Pros and Cons of South Korea

November 26, 2013


If Japan taught me the importance of packing light – among other things – Korea was also quite the educational experience. I’m back in the US for the holidays and using the time to prepare to return to the ROK. Unlike before, in which I lived in a very small town and had a hard time reaching anything outside of Uljin, I will be staying in Gangneung and enjoying the benefits of the “big city”: E-Mart, Home Plus, and a smattering of expats.

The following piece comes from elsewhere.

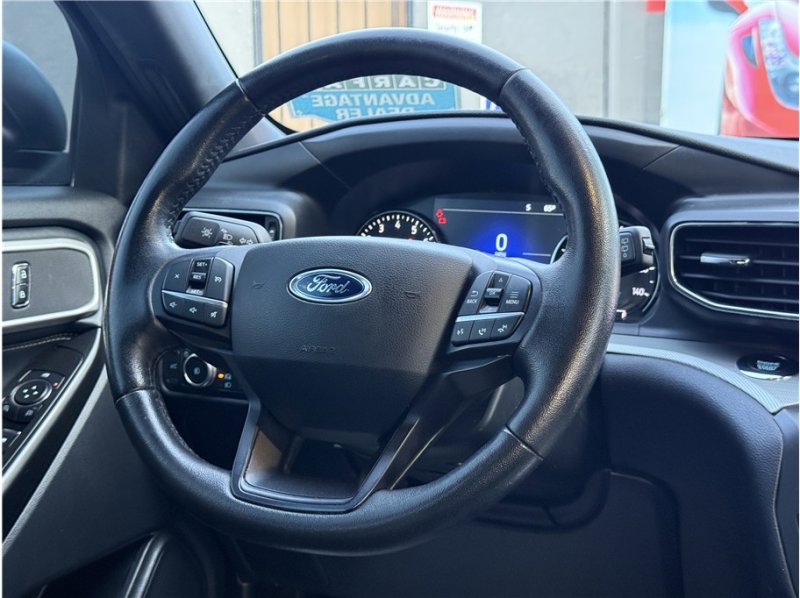 Used 2020 Ford Explorer XLT w/ Equipment Group 202A image 45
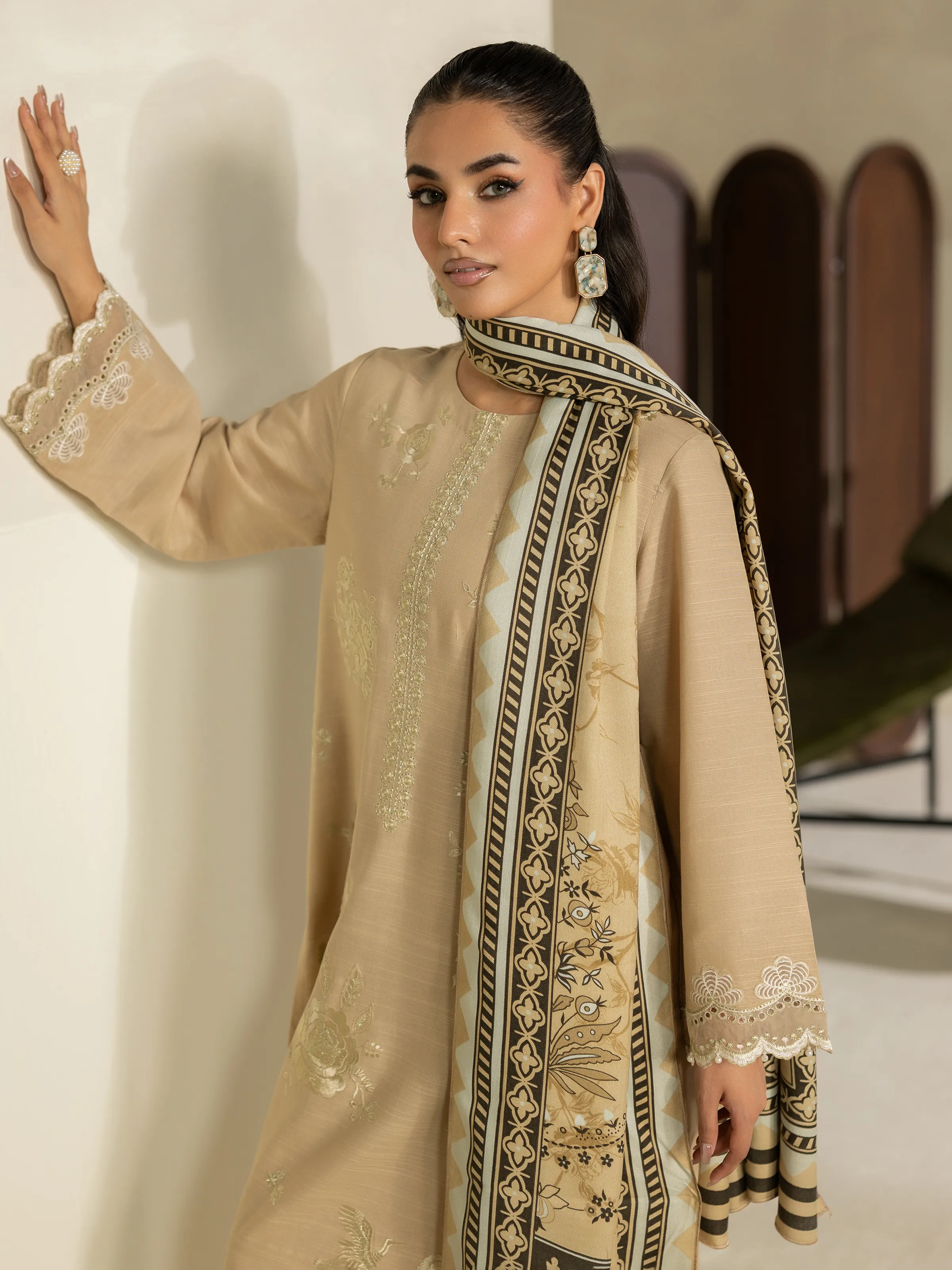 Pret Embroidered Khaddar Suit - EWTKED5-84005-3P - Image 4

It almost didn’t happen (still might not, if there’s a snag in the visa). I was offered a teaching position a few weeks ago while still in Peru, and knew it was dependent on the biggest hurdle for Americans working in Korea: the FBI background check. If you’re a US citizen considering applying, you need the following:

1. FBI criminal background check. This may be obtained directly through the FBI, which can take months, or, for an additional cost, through an approved channeler who can do it in a few days (my processing time was a day). I chose National Credit Reporting in San Jose. Although they require you to hand over a physical fingerprint card, they’re one of the few channelers who can provide a paper copy of the results of your check.

This is necessary because in additional to waiting for the background check itself, one must then forward that document to the Department of State in Washington DC for Apostille certification. This is what I’m waiting for at the moment. Hopefully, it will only take a few days.

2. Two university transcripts, signed and sealed

3. A copy of your university degree, notarized and Apostilled in the same state (doesn’t have to be the same state as your university). When I applied for my visa in 2010, Korean immigration would only accept original degrees. I guess they came to their senses.

4. Health statement, ensuring you’re physically capable of working abroad.

5. A copy of your passport

6. A copy of your resume

7. A copy of your teaching contract

8. Five passport photos

…and viola! Mail them to Korea, get a visa issuance number, and take that to the local Korean embassy or consulate. As I wait for all of this to come together, I can’t help but think what I left behind in Asia.


Healthier lifestyle
Not everything about Korea is healthy. In fact, some foreign residents find the plethora of bakeries like Paris Baguette a little too tempting. However, I would say the local diet is conducive to fitness and healthy. In addition to ginseng, many dishes lack butter and salt, which helps keep fat and cholesterol down.

Coming back will be second nature to me by now. I know to where to shop for food. I know how to navigate the bus system. I know I will be ogled by Koreans and sometimes made to feel like a total outsider. But it’s home, in a way.

Things working
After living in a developing country like Peru, where the taxis and buses run rampant… wait… that’s not much of a difference (in fact, both countries use the same vehicles). For the most part, though, it’s nice having things work. Streets are clean. People are more or less orderly – with some big exceptions when it comes to standing in line. Food, air and water are clean.

Places to run
Again, this is more of a personal issue, but Korea is a running-friendly country. We can sign up for races doing bank transfers, accept a decent amount of prize money for winning. More to the point, there are just more places to run in Korea; trails are built next to rivers and into the countryside.

Hot springs
Ah yes. My Achilles’ heal. Japan has completely ruined my American standard of hygiene. Oncheon in Korea may not be as deeply engrained into the culture, but they are appreciated and used. There’s nothing like coming off a day of work and settling into a hot bath.

This is little bit more difficult to explain. As a long-term traveler, I just feel more at ease out of the country. I tend to stay more on top of the news, exercise more, make more friends… overall, just be more aware.


Being an outsider
It does get to me at times. Fortunately, I’ll only be in Asia for two months on this stint. Nevertheless, being pointed and laughed at by children, harassed by drunk ajussi, and overall just made to feel like a perpetual tourist or unwanted take its toll.

Creative outlets
Though I do feel more alive abroad, there are often fewer ways to channel those feelings outside of writing and vlogging (for me, anyway). There’s always a chance I can run into like-minded people and form a solid group with shared interests, doing projects, playing hold ’em, talking international politics, but this is a very rare and special thing, to be completely in tune with a large expat community. If I find it again, as I did in Uljin, I’ll cherish it.

Green tea
Laugh if you like, but I just don’t care for Korean green tea. Even their bottled stuff is iffy. If I need something tasty and potent, I usually hop the ferry over to Fukuoka.